Affaire Pegasus: Chakib Benmoussa dénonce une campagne de déstabilisation du Maroc

Affaire Pegasus: L’ambassadeur du Maroc en France dénonce une campagne de déstabilisation du Maroc




L’ambassadeur du Royaume du Maroc en France, Chakib Benmoussa, a pris la défense du royaume, pointé du doigt comme l’instigateur d’une surveillance généralisée de ses adversaires et partenaires. Le diplomate nie en bloc et dénonce une campagne de déstabilisation.




Loin d’être l’instigateur dans l’affaire d’espionnage avec le logiciel « Pegasus », le Maroc serait en réalité « la victime » de l’affaire, à en croire Chakib Benmoussa dans un entretien accordé à l’hebdomadaire Le Point, ajoutant qu’il est temps de rechercher celui qui est derrière ce logiciel.

« Le Maroc a rejeté de manière catégorique et ferme les allégations, fausses et dénuées de tout fondement, et qui ne sont étayées par aucune preuve.

Il s’agit d’une campagne massive, dont le timing et l’ampleur ne peuvent qu’interpeller. Il faut s’interroger sur son origine, et les motivations de certains milieux qui cherchent à s’attaquer au Maroc », a-t-il indiqué.




La stratégie de l’ambassadeur face à cette accusation est celle de la négation.
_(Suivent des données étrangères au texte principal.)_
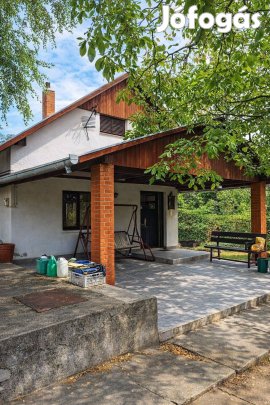 Eladó közműves kisház Gyódon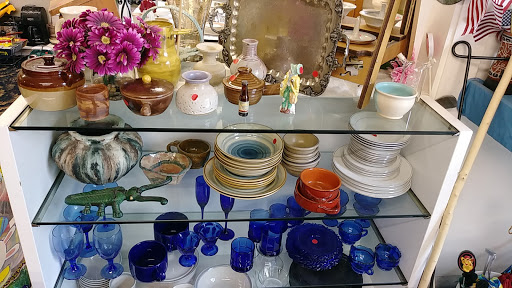 Thrift Store «Exeter Community Thrift Shop», reviews and photos, 96 Epping Rd, Exeter, NH 03833, USA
Dans le JDD, Chakib Benmoussa affirme que « le Maroc n’a pas espionné le président Emmanuel Macron », il nie même l’acquisition de ce logiciel par le royaume.

D’ailleurs, « le Maroc est en capacité aujourd’hui d’avoir un projet collectif ambitieux et réaliste pour les 15 prochaines années, dont l’objectif fondamental est le bien-être et l’autonomie des Marocains.

La pandémie a mis en évidence certains défis en relation avec la dépendance de l’extérieur dans des domaines stratégiques, le rôle de l’État et des territoires dans la protection des citoyens.




Mais aussi la place du numérique pour améliorer certains services ou renforcer l’inclusion sociale » relève le diplomate qui s’est longuement attardé sur le nouveau virage marocain qui aurait dérangé certaines forces régionales.

« Le nouveau modèle de développement a identifié cinq paris qui pourraient constituer un levier d’approfondissement des liens de partenariat et de codéveloppement avec l’Afrique à l’échelle bilatérale, régionale et continentale : le numérique ; l’enseignement supérieur et la recherche ; l’énergie compétitive bas carbone ; le Pôle financier régional de référence et le Made in Royaume du Maroc » a-t-il mentionné.